▶ **Exercise details**: Every line below from the one with "35515-16 by Kravet" through the one with "Pare chocs, front bumper, 291004275 Pare" is to be repeated exactly, with no picture among them.

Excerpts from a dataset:
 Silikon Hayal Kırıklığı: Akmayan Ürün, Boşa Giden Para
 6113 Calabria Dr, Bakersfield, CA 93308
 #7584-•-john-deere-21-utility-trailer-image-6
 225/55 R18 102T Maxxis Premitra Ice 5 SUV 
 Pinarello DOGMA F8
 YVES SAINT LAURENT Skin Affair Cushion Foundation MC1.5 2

* * *

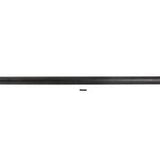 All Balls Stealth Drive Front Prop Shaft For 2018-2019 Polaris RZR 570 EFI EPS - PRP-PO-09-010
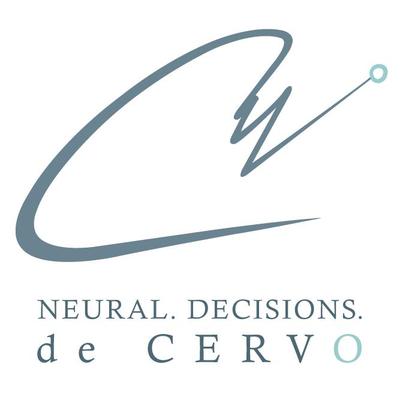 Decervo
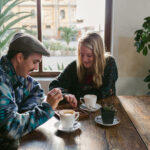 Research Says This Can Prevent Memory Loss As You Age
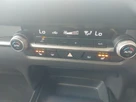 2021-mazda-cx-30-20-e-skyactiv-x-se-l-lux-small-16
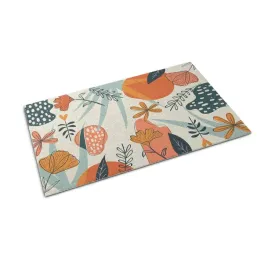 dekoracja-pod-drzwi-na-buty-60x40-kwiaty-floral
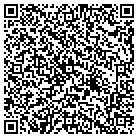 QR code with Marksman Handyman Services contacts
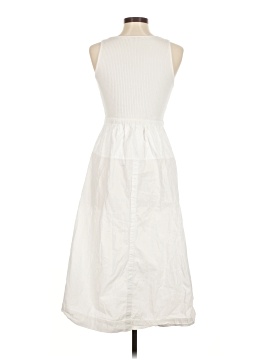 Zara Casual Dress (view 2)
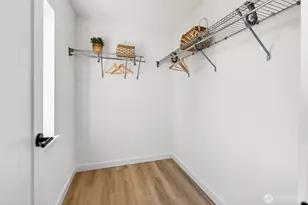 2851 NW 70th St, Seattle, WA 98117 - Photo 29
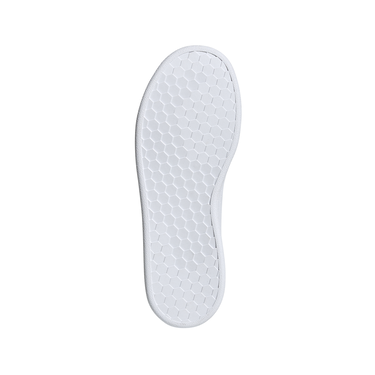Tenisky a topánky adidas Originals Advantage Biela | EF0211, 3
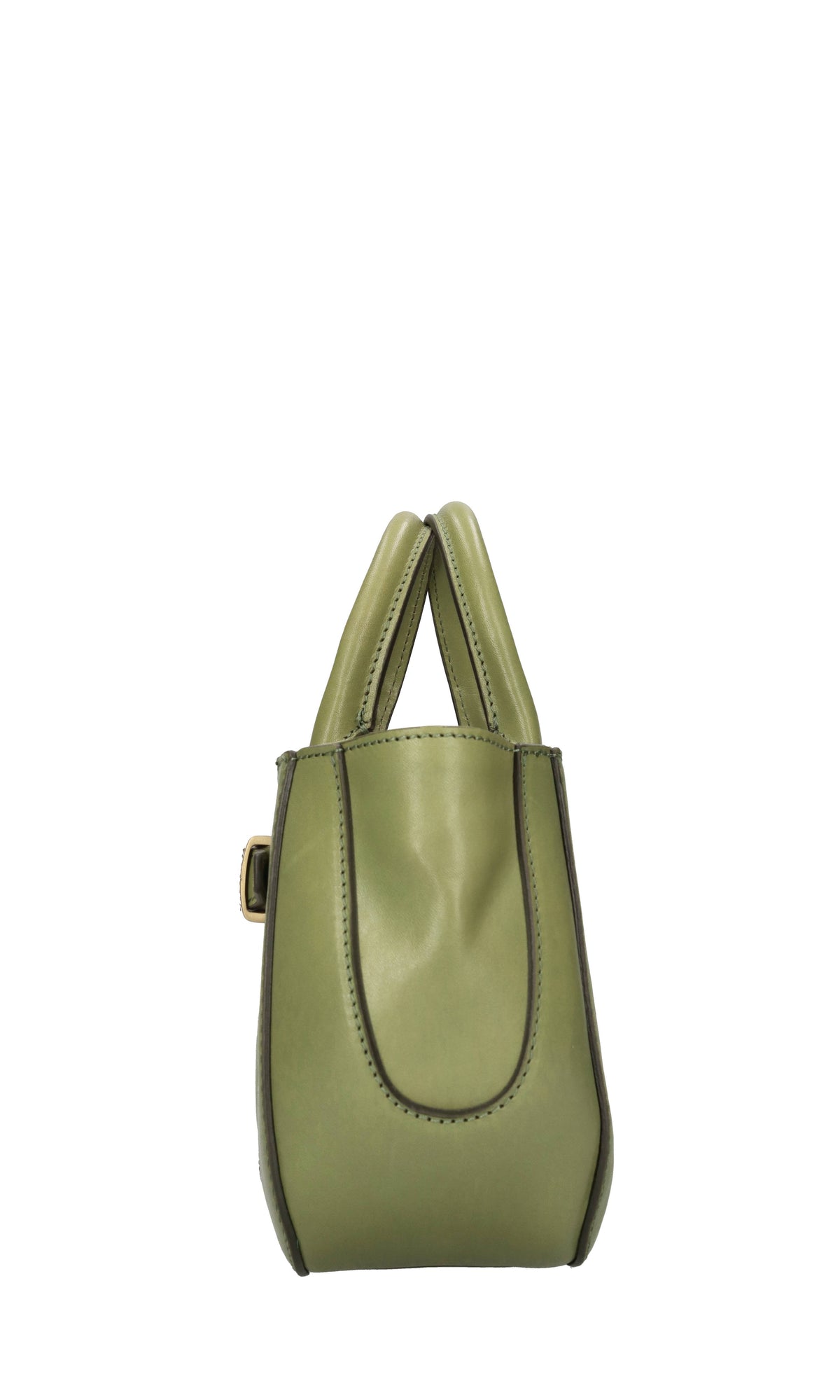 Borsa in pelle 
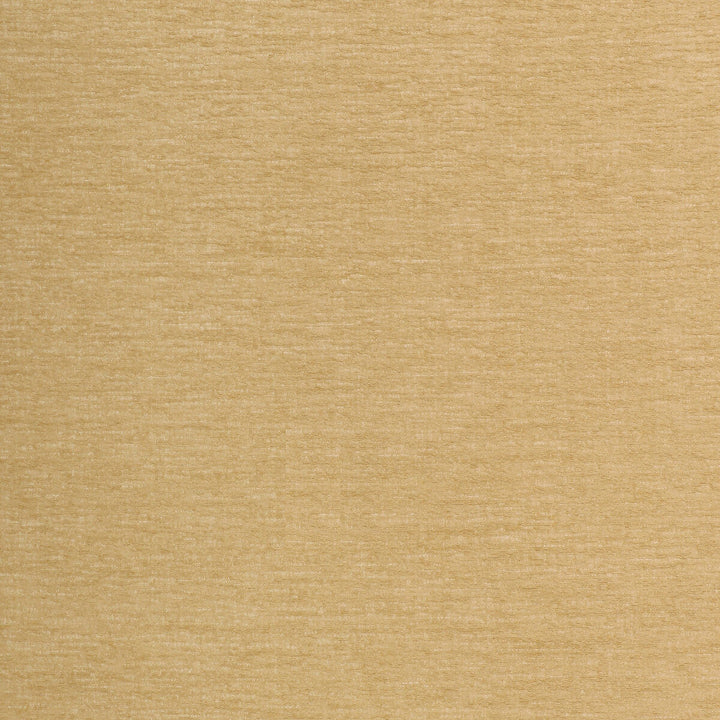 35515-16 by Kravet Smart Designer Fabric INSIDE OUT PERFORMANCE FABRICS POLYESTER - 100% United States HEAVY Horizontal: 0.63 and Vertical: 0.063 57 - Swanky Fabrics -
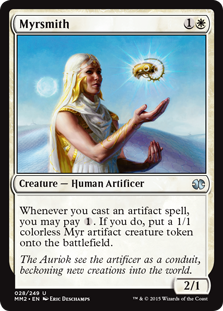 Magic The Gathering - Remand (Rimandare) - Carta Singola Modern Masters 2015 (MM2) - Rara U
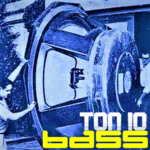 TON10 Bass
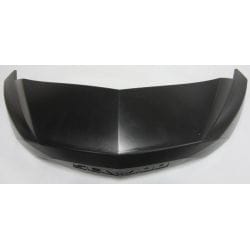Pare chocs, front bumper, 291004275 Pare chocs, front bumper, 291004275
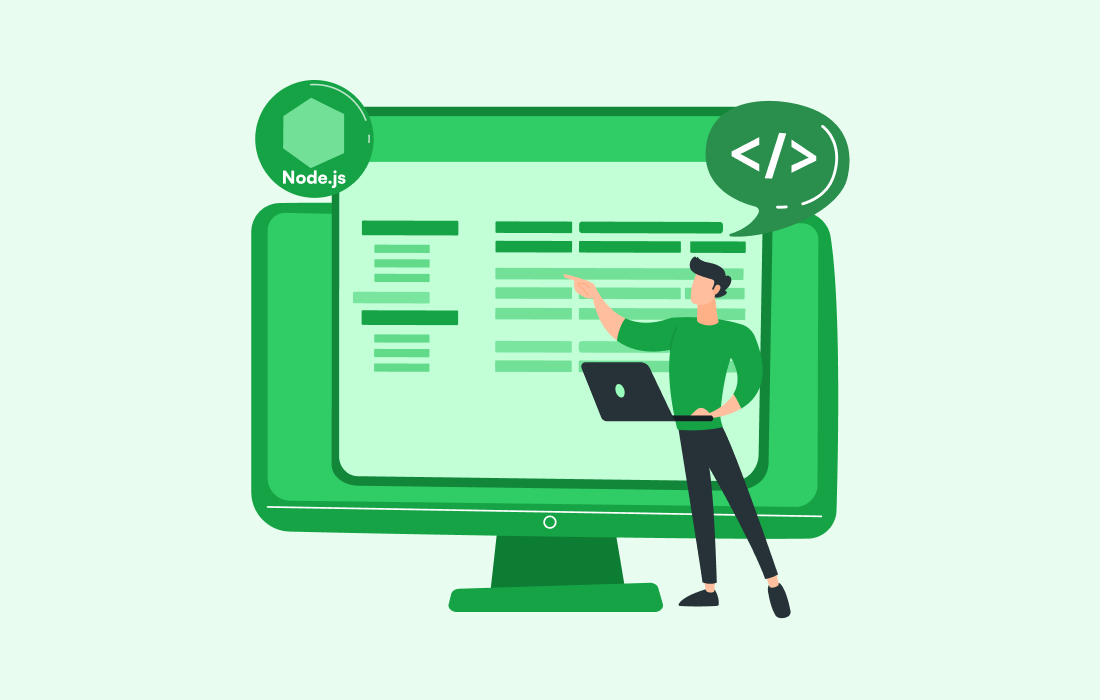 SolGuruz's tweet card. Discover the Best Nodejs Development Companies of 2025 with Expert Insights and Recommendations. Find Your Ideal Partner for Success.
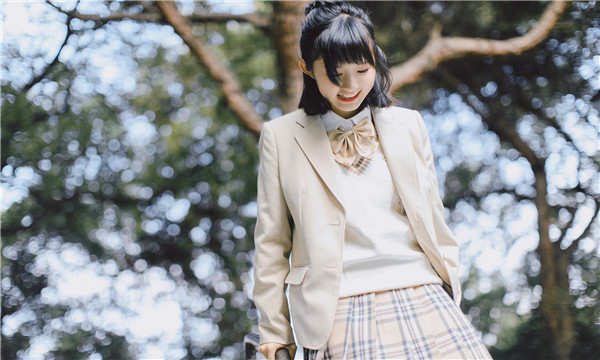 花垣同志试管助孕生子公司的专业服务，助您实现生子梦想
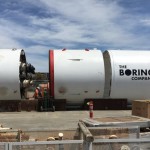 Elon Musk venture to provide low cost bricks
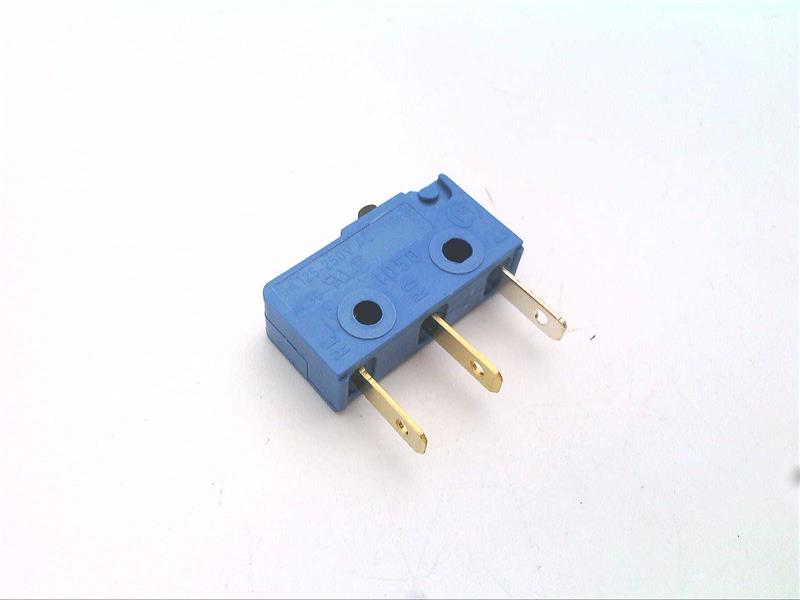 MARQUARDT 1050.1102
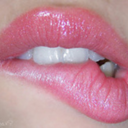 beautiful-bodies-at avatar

▶ **Response box**:
 35515-16 by Kravet Smart Designer Fabric INSIDE OUT PERFORMANCE FABRICS POLYESTER - 100% United States HEAVY Horizontal: 0.63 and Vertical: 0.063 57 - Swanky Fabrics -
 Magic The Gathering - Remand (Rimandare) - Carta Singola Modern Masters 2015 (MM2) - Rara U
 TON10 Bass
Pare chocs, front bumper, 291004275 Pare chocs, front bumper, 291004275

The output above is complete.